Follow the link below to watch a video about being a change leader.
It is taken from a seminar I gave to ( senior leaders and management within The Department of Natural Resources and Mines February 2014).
The Department were beginning the process of delivering a new ‘blueprint’ for service delivery to its clients in line with new government directions.
The ‘blueprint’ contained the map of how to do business differently, and the vision for what the government was wanting to be in the future.
Consequently, it not only challenged work practices, relationships and structures of leaders within the Department, but also set a new and challenging platform for all staff within the department.
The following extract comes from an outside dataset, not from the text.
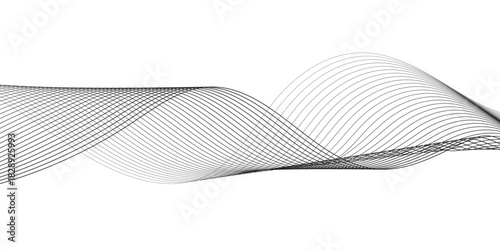 Abstract Smooth white wave digital geometric Technology, data science frequency gradient lines on transparent background. Undulate Grey Wave Swirl, frequency sound wave, twisted curve lines.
The leaders of the department are charged with the responsibility of putting ‘blueprint’ into action.
So for a leader to make change, he or she needs to –
- Firstly be very clear on WHY the change; Why is it needed
- Secondly then, the leader needs to become clear on Why me- ie what is my fundamental purpose in the delivery of change. It may be as simple as, “it is my task or my role”. However, if this is as close as the leader can align his or her values and beliefs with the vision, then it will have only moderate success, if at all.
- The most important question each leader needs to address is that they have a strong belief in the vision, in this case the ‘blueprint’
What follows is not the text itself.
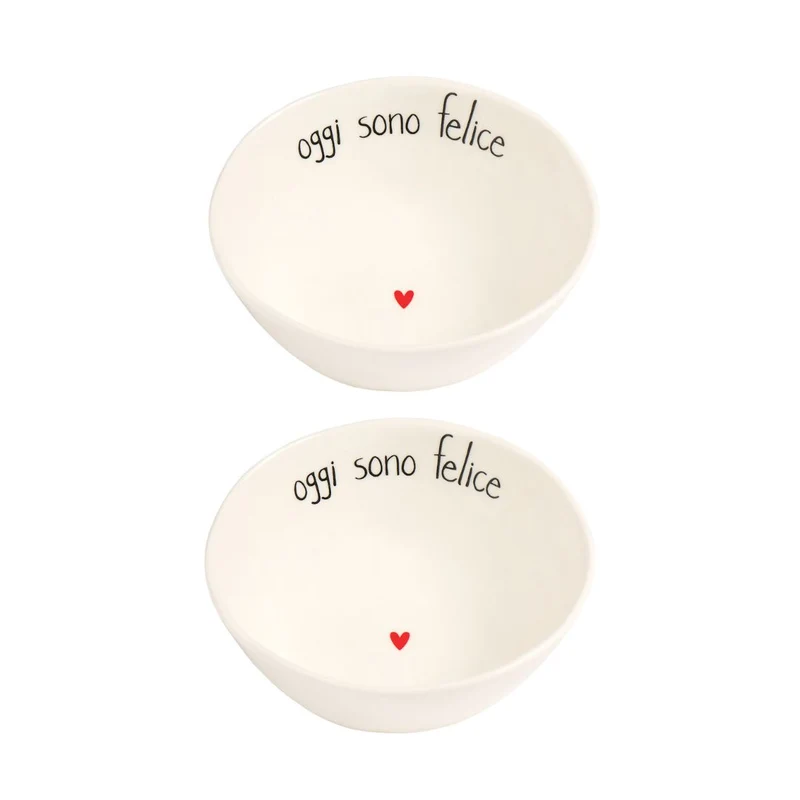 Simple Day – Set 2 coppette grès Ø12,5 cm con scritte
I then used a personal story of delivering a joint government program called Aussie Sports for children in the early 90’s.
The vision was to have children enjoy their sporting experiences so much that sport and physical activity became part of their lives, and therefore was lifelong, rather than temporary.
I believed in the vision and WHY we would want to encourage such behaviour in children.
I wanted to be an agent of change, and so I was able to answer what was my fundamental purpose for being involved in the project.
Then the map, or the How was easy to understand and deliver, so that we could measure the success of the program – the What.